Work to complete:
Your copy should match the listing below exactly, except that it holds no images.

Given material:
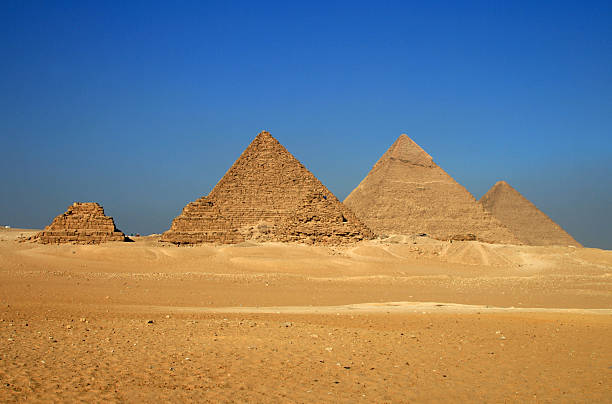 Silhouette of the Great Pyramids of Giza at sunset with a dramatic sky in the background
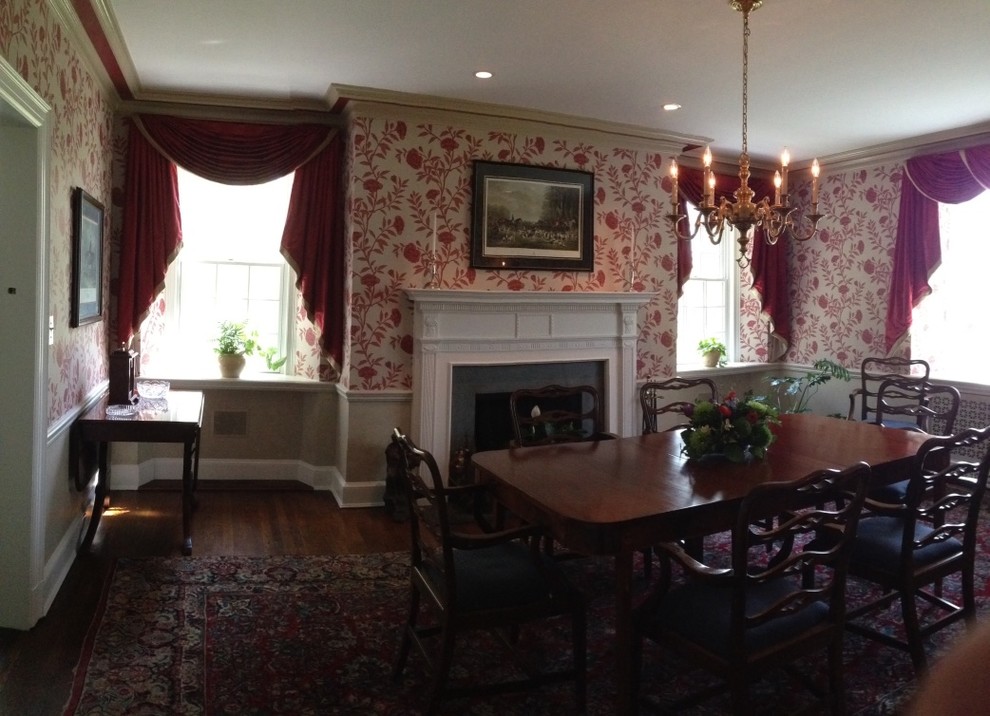 Example of a mid-sized classic dark wood floor enclosed dining room design in Baltimore with multicolored walls, a standard fireplace and a wood fireplace surround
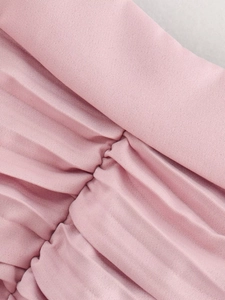 Macro shot of light pink dress pleated fabric showing high-density texture and silk feel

Finished exercise:
 Silhouette of the Great Pyramids of Giza at sunset with a dramatic sky in the background
 Example of a mid-sized classic dark wood floor enclosed dining room design in Baltimore with multicolored walls, a standard fireplace and a wood fireplace surround
 Macro shot of light pink dress pleated fabric showing high-density texture and silk feel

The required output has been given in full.